Last week, several key numbers were reported on top of the expended interest rate rise, the inflation number continued to drop. Interestingly, the core excluding food and energy dropped another .10% from the previous month, but food and energy rose 4.1%. This supports the Fed’s caution that work still needs to be done if the target rate of 2% is to be achieved, quite possibly taking into late next year. Thursday’s second-quarter GDP report was stronger-than-expected (2.4% vs 2.3% expected) and still the market marched on.
The market bounced back from a lower finish on Thursday that had been triggered by a report about the previously mentioned Bank of Japan. Even after the Federal Reserve pushed interest rates to a 22-year high of between 5.25%-5.5% on Wednesday, investors seem to be increasingly on board with Chairman Jerome Powell’s view that “we do have a shot” at a soft landing for the economy, albeit with the caveats that “it is a long way from assured” and “we have a lot left to go to see that happen.”
Investors have more than just macroeconomic news to cheer on right now. With the second-quarter earnings season roughly halfway through, the corporate news has been very good, as well. Some 81% of companies in the S&P 500 have beaten earnings estimates, so far, better than the typical 77% beat rate, according to FactSet.
Friday’s data showed the Federal Reserve’s preferred inflation measure, the personal consumption expenditures index, eased in June on an annual basis to an almost two-year low. which was accompanied by a decline in jobless benefit claims last week, a jump in durable-goods orders last month, and the real-estate industry’s declaration that the housing recession is over. (However, with rising mortgage rates, it sounds like wishful thinking). All of this is translating into more optimism than previously seen during the current cycle. There seems to be some significant movement in money sitting on the sideline finally moving back in the market which could trigger continued market upside.
However, as I mentioned last week that July has become a winning month, August, the former leading month for stocks until recently, has become the underperformer.
So going forward, we do believe bonds are back, echoing the sentiments of Vanguard’s Global Head of Fixed Income Group Sara Devereux, stressing quality, which includes some well-chosen high yield bonds due to the fact the recent declines have flushed out the weaker sisters and left emerging companies with improving balance sheets who still have higher risk issues available.
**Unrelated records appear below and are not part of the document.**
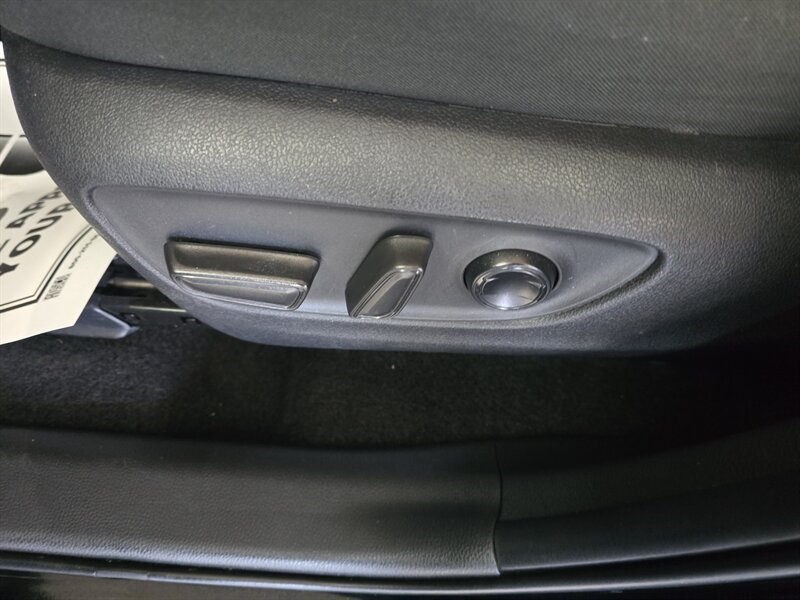 Used 2025 Toyota RAV4 XLE AWD/4WD image 16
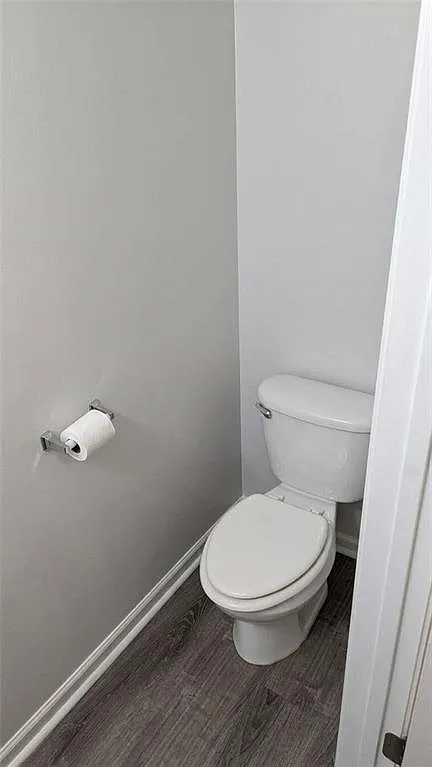 3 bed, 2.5 bath, 1528 sqft, $1,599 — Photo 4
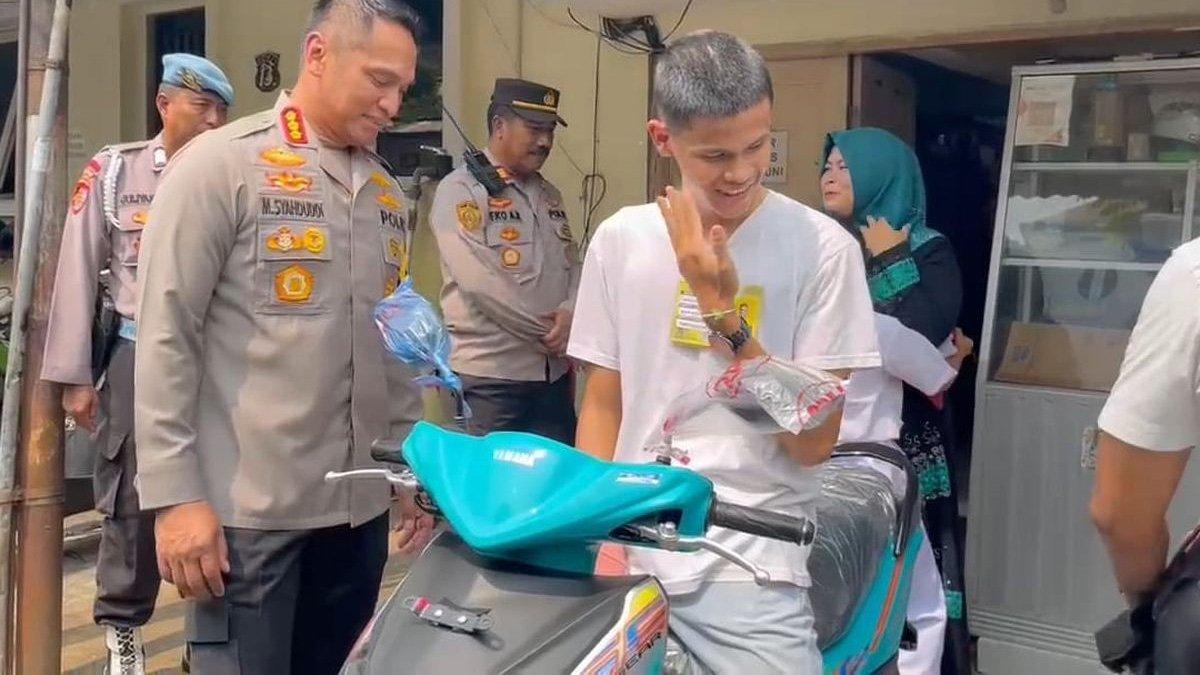 Pemberian motor dari Kapolres Metro Jakarta Barat kepada Satrio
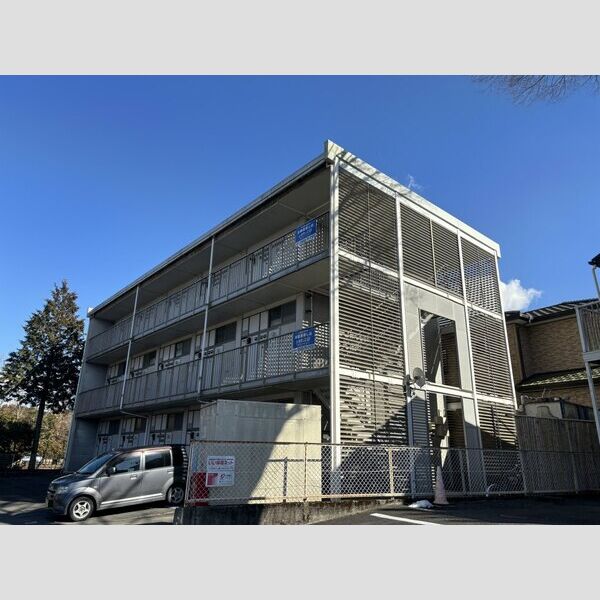 レオパレス中休場 建物画像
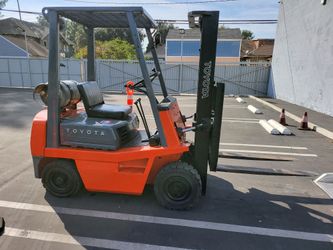 Forklift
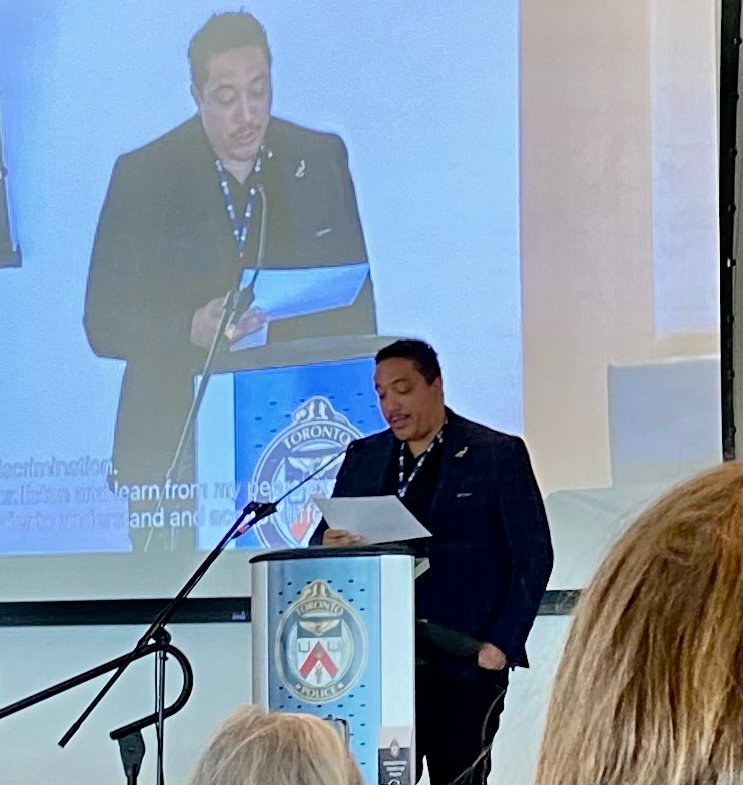 OfficerCarter8's tweet photo. Thank you @StuMunrue @HockeyEquality for being the Key Note Speaker at the Chiefs Hate Crime Symposium today. #combatinghate @TPS_CPEU @TPSUrkosky @TPSPapizewski @TPS_RMCarter https://t.co/NrvgjIF66L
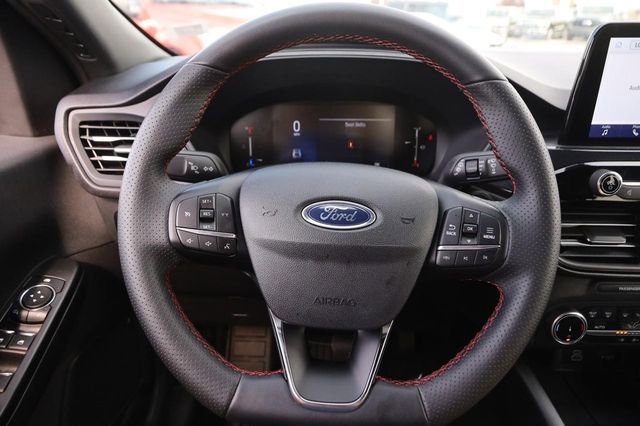 Certified 2025 Ford Escape ST-Line AWD/4WD image 10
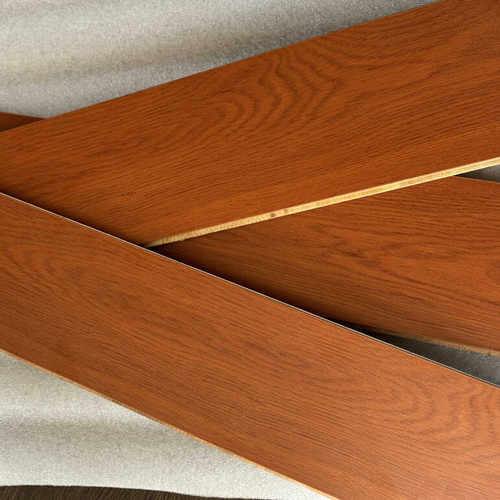 大自然强化复合木地板德尔地板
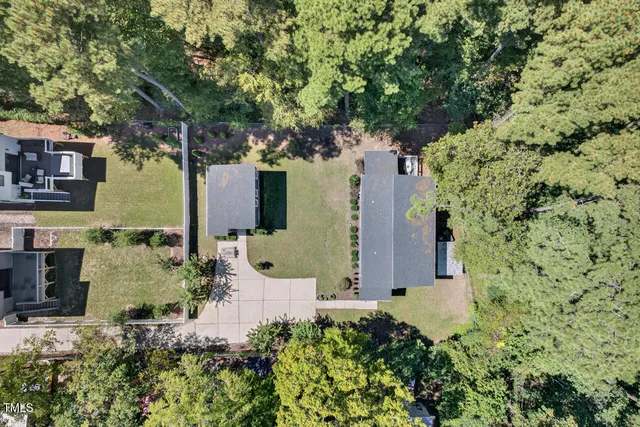 $850,000 | 107 Hillcrest Avenue, Unit C & D, Carrboro, NC 27510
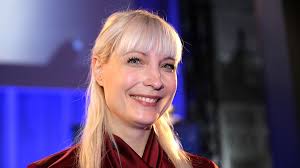 Ei kenelläkään ole käsitystä siitä, mitä on olla joku toinen. Laura Huhtasaaren Haukkumasta Tamperelaiskoulusta Nousi Kohu Nyt Koulu Sai Synninpaaston Yle Uutiset Yle Fi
We will continue to exercise caution as we look for opportunities to put new money to work and as the inflation picture will persist in the coming quarters, those inflation sensitive assets should justify our confidence in them. Further, we are convinced the sweet spot in the market is the recovering mid-caps and small caps as their prices have suffered for the last 10 years. I recently read a quote that said Wall Street is the only business where people run from half price sales.